Update, 10.30 Uhr: RKI-Chef Wieler betont, dass sein Institut jede Welle korrekt vorausgesetzt habe. Außerdem habe man bereits im Juli zu Booster-Impfungen aufgerufen und auch empfohlen, sich auf den Herbst vorzubereiten. „Ich bin schon lange der Papagei. Wie oft bin ich hier gesessen und hab das immer wieder gesagt“, so Lothar Wieler weiter.

Update, 10.24 Uhr: Spahn spricht auch über Lockdowns. Es sei natürlich eine Lage, in der man nichts ausschließen dürfe, man sollte aber lieber alles dafür tun, derartiges zu verhindern. „Je früher man eingreift, desto weniger hart muss das Gesamtpaket auch sein. Deshalb kann man nichts ausschließen. Wichtig ist aber, dass die Länder möglichst viele Instrumente zur Verfügung haben“. Die Maßnahmen, die in Sachsen etwa angekündigt wurden, finde er gut.

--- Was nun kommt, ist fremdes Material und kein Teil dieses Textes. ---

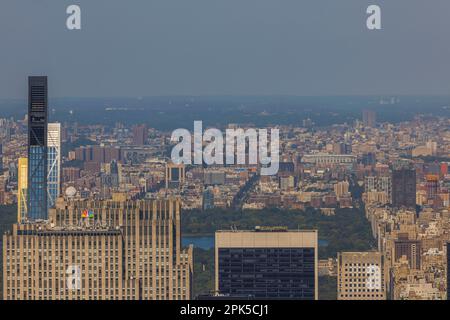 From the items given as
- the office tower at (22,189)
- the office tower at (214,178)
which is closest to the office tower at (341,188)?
the office tower at (214,178)

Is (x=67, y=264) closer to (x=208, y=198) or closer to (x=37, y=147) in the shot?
(x=37, y=147)

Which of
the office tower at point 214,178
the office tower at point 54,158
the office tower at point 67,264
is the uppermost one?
the office tower at point 54,158

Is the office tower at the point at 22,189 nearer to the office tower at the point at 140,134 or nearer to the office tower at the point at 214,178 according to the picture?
the office tower at the point at 140,134

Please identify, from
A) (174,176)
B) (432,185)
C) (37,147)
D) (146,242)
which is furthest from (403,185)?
(146,242)

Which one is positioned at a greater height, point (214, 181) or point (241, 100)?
point (241, 100)

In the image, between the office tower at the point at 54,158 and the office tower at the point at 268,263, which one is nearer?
the office tower at the point at 268,263

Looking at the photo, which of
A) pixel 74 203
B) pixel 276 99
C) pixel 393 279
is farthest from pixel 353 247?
pixel 74 203

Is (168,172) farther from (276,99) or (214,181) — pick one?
(276,99) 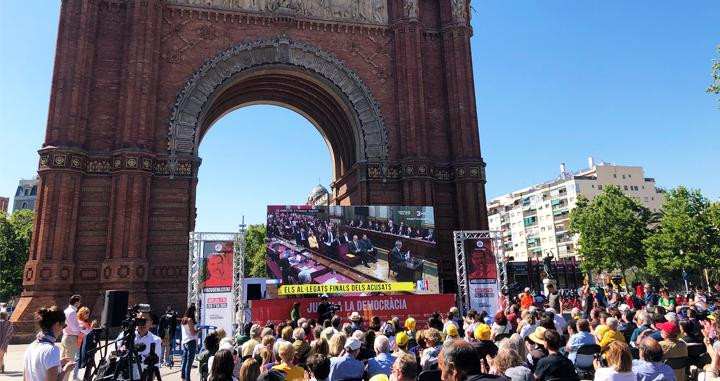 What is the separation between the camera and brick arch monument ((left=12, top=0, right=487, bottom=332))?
2333cm

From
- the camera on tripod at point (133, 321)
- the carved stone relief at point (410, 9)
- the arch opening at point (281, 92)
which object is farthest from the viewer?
the carved stone relief at point (410, 9)

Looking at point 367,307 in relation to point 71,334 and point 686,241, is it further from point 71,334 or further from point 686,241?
point 686,241

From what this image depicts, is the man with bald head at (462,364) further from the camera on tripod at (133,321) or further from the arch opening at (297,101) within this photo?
the arch opening at (297,101)

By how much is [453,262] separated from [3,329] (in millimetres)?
21252

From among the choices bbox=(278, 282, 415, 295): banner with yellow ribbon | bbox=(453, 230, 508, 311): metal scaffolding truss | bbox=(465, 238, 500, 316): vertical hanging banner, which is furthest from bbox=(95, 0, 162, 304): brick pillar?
bbox=(465, 238, 500, 316): vertical hanging banner

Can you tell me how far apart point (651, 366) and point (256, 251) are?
3857 inches

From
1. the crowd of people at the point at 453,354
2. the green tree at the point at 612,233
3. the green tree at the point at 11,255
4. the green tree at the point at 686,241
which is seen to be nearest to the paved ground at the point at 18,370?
the crowd of people at the point at 453,354

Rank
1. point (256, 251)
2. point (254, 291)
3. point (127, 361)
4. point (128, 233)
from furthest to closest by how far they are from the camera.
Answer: point (256, 251) < point (254, 291) < point (128, 233) < point (127, 361)

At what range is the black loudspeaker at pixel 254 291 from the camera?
Answer: 25.5 metres

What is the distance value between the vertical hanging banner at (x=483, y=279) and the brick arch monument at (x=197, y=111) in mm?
3808

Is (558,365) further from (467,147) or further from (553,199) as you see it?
(553,199)

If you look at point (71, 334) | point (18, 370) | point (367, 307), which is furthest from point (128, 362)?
point (367, 307)

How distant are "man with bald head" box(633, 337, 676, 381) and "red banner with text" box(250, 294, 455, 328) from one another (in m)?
11.6

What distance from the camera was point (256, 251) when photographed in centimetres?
10000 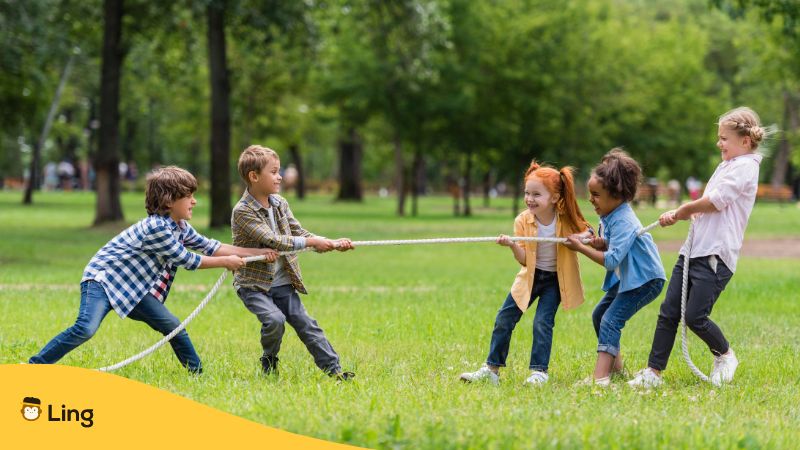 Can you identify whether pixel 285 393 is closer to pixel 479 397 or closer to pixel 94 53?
pixel 479 397

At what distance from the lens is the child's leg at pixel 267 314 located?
786 centimetres

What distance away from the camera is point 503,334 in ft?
26.6

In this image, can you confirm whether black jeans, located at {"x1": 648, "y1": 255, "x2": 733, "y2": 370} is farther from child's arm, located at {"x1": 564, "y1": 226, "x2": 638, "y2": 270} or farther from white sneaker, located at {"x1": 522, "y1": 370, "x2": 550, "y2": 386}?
white sneaker, located at {"x1": 522, "y1": 370, "x2": 550, "y2": 386}

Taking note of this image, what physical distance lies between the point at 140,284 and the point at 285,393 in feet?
4.74

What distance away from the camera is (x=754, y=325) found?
1180 cm

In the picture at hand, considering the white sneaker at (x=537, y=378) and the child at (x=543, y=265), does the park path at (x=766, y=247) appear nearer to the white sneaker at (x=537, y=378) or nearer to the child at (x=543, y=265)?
the child at (x=543, y=265)

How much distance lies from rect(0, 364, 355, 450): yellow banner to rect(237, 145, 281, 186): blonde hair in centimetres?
191

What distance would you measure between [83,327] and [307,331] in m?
1.55

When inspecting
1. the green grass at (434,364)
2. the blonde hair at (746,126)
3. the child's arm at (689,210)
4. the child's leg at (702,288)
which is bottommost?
the green grass at (434,364)

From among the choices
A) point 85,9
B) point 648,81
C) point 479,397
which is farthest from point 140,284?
point 648,81

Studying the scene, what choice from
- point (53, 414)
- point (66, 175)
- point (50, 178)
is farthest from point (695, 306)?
point (50, 178)

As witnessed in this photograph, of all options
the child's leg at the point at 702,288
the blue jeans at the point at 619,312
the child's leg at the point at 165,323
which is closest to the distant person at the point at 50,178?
the child's leg at the point at 165,323

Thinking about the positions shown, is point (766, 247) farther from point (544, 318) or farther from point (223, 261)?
point (223, 261)

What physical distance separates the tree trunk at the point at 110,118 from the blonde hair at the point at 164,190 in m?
22.4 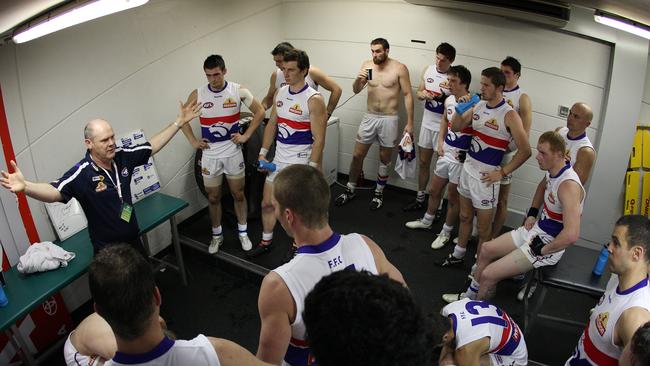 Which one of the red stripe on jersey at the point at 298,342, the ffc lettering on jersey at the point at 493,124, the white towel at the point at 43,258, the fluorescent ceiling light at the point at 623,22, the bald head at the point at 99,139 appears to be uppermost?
the fluorescent ceiling light at the point at 623,22

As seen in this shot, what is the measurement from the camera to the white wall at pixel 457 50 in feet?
13.5

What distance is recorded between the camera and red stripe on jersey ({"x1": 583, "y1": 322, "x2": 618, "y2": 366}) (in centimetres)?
218

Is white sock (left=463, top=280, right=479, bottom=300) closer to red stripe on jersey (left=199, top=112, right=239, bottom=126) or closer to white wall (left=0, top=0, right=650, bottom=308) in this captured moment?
white wall (left=0, top=0, right=650, bottom=308)

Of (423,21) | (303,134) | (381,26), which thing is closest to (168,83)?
(303,134)

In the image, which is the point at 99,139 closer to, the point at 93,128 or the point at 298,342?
the point at 93,128

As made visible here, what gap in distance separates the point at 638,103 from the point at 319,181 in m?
3.55

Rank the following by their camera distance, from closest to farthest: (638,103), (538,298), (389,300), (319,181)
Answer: (389,300), (319,181), (538,298), (638,103)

Update, 10.20 Uhr: „Wir halten 2G für sinnvoll, das betrifft alle Menschen. Sie ist wirkungsreicher, je umfangreicher sie ist“, erklärt Wieler in der anschließenden Frage-Runde. Wenn die Regel nicht konsequent umgesetzt werde, könne sie auch nicht richtig wirken. „Es muss schluss sein, dass man diese laiszess-faire-Haltung hat. Alle, die diese Vorgaben haben, sollen sie prüfen. Ende, aus“. Auf Nachfrage eines Reporters, ob dies auch für Fußballer gelte, betont Wieler, dass dies für alle Bereiche gelten müsse.

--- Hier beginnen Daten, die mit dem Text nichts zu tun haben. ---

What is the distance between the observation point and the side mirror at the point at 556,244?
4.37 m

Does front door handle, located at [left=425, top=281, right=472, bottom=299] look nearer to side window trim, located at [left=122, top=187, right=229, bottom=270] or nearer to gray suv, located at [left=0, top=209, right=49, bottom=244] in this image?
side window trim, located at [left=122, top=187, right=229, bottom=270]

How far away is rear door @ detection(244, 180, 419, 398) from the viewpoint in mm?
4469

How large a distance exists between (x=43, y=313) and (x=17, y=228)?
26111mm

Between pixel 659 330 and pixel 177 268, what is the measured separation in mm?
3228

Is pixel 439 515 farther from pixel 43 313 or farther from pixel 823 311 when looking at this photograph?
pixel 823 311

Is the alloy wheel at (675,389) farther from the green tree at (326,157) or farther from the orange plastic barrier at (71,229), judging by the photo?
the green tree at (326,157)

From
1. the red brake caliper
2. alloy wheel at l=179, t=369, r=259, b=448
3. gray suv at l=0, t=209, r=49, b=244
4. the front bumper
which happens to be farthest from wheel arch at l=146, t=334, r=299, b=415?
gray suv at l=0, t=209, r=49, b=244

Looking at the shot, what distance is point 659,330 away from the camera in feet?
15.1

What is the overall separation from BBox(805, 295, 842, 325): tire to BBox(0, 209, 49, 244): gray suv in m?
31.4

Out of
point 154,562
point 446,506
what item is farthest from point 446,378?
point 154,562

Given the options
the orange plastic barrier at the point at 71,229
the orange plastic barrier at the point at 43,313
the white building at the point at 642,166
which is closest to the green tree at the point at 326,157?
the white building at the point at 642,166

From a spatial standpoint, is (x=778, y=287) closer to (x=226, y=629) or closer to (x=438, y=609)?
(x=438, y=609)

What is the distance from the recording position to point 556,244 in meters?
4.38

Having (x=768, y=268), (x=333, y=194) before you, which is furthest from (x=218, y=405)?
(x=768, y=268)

Update, 10.13 Uhr: Wieler weist noch einmal darauf hin, wie gut die Impfungen wirken. „Wir müssen die Impflücken schließen. 2G ist wichtig, reicht aktuell aber nicht“, sagt er und plädiert darauf, Kontakte zu beschränken und auch Großveranstaltungen abzusagen. „Dazu gehört auch, dass wir unsere privaten Kontakte so weit wie möglich reduzieren. Wenn sie sich mit Risikogruppen treffen, machen sie bitte einen Selbsttest“, warnt er außerdem. „Bitte, lasst uns alle diese Maßnahmen mittragen. Wir schaffen es nur gemeinsam, diesen Dampfer zu bremsen“. „Jeden Tag infizieren sich zehntausende Menschen in unserem Land, davon werden einige Hundert sterben“, wird Wieler dann drastisch. Damit beendet er sein Statement.

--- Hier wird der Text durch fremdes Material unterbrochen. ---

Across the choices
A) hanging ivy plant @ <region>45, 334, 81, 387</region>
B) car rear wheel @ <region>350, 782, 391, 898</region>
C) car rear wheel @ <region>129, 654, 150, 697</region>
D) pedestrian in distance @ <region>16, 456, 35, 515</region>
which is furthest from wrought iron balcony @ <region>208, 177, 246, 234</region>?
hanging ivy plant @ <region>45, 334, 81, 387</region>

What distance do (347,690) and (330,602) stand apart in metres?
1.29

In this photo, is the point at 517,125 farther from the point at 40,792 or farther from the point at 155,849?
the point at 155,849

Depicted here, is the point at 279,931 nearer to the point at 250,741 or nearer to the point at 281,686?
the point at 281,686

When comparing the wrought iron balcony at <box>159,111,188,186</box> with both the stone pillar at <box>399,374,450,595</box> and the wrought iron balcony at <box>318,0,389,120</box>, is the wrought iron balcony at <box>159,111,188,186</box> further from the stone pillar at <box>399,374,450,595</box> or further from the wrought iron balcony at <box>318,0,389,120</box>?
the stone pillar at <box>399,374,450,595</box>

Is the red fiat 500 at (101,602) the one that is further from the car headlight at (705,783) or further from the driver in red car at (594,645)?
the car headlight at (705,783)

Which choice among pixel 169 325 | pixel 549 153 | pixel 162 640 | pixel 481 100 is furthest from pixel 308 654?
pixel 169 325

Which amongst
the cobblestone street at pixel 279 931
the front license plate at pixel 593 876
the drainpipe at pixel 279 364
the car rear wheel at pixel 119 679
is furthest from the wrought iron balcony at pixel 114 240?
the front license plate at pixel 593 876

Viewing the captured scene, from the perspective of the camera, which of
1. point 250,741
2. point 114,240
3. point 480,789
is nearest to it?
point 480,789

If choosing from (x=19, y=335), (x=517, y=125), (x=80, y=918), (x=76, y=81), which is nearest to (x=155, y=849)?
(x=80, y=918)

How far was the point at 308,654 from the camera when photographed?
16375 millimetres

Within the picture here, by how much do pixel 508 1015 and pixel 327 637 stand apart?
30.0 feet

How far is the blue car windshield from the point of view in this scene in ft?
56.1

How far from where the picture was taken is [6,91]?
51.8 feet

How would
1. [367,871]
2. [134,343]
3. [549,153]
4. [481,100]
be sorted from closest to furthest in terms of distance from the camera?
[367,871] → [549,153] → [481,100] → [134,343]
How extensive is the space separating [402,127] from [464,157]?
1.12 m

Update, 10.10 Uhr: „Wir sind wieder in einer schwierigen, wenn nicht sogar in der schwersten Lage“, schließt Spahn sein Statement. Wieler beginnt. „Ganz Deutschland ist ein einziger großer Ausbruch, das ist eine nationale Notlage“, macht er klar. Die bundesweite Hospitalisierungsinzidenz hat bereits die vom RKI vorgeschlagene Schwellgrenze von 5 überschritten, liegt bei 5,3. „In vielen Landkreisen sind die Intensivstationen am Anschlag“, stellt Wieler klar. Dies bedeute, dass auch Patienten, die nicht an Corona erkrankt sind, nicht mehr passend behandelt werden könnten. „Das ist die Situation heute und wir rechnen damit, dass sie sich in Deutschland weiter zuspitzt“, so Wieler. Man habe es trotz allem noch selber in der Hand, wie schlimm die Situation in der Zukunft werde. Man müsse gegensteuern.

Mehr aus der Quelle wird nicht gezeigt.